The lines from the start of the data through the line with "Meghan Markle wore" are to be returned verbatim; all later lines are to be omitted.

------ ENTRIES SUPPLIED ------

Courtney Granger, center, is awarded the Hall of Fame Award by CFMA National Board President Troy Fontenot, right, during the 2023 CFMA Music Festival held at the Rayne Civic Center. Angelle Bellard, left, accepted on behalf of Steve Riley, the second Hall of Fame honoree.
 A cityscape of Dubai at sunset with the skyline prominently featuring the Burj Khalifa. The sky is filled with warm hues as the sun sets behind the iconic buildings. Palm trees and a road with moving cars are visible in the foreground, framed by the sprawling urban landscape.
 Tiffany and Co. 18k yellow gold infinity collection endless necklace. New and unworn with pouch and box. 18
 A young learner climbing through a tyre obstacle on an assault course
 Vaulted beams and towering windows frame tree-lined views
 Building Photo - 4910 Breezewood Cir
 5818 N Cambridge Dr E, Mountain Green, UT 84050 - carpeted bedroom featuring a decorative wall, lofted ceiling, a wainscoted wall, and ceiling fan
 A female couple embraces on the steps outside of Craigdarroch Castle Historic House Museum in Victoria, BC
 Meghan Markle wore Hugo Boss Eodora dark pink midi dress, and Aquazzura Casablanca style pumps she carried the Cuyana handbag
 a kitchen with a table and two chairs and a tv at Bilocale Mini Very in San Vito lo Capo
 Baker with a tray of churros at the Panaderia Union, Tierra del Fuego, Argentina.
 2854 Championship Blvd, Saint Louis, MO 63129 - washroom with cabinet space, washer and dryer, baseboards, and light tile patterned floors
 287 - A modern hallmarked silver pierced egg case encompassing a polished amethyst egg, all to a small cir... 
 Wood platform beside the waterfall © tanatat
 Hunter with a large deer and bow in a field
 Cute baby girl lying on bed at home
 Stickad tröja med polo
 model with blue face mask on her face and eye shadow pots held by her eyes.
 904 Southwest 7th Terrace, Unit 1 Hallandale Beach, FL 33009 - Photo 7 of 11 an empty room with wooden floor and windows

------

_WRITTEN SOLUTION_
Courtney Granger, center, is awarded the Hall of Fame Award by CFMA National Board President Troy Fontenot, right, during the 2023 CFMA Music Festival held at the Rayne Civic Center. Angelle Bellard, left, accepted on behalf of Steve Riley, the second Hall of Fame honoree.
 A cityscape of Dubai at sunset with the skyline prominently featuring the Burj Khalifa. The sky is filled with warm hues as the sun sets behind the iconic buildings. Palm trees and a road with moving cars are visible in the foreground, framed by the sprawling urban landscape.
 Tiffany and Co. 18k yellow gold infinity collection endless necklace. New and unworn with pouch and box. 18
 A young learner climbing through a tyre obstacle on an assault course
 Vaulted beams and towering windows frame tree-lined views
 Building Photo - 4910 Breezewood Cir
 5818 N Cambridge Dr E, Mountain Green, UT 84050 - carpeted bedroom featuring a decorative wall, lofted ceiling, a wainscoted wall, and ceiling fan
 A female couple embraces on the steps outside of Craigdarroch Castle Historic House Museum in Victoria, BC
 Meghan Markle wore Hugo Boss Eodora dark pink midi dress, and Aquazzura Casablanca style pumps she carried the Cuyana handbag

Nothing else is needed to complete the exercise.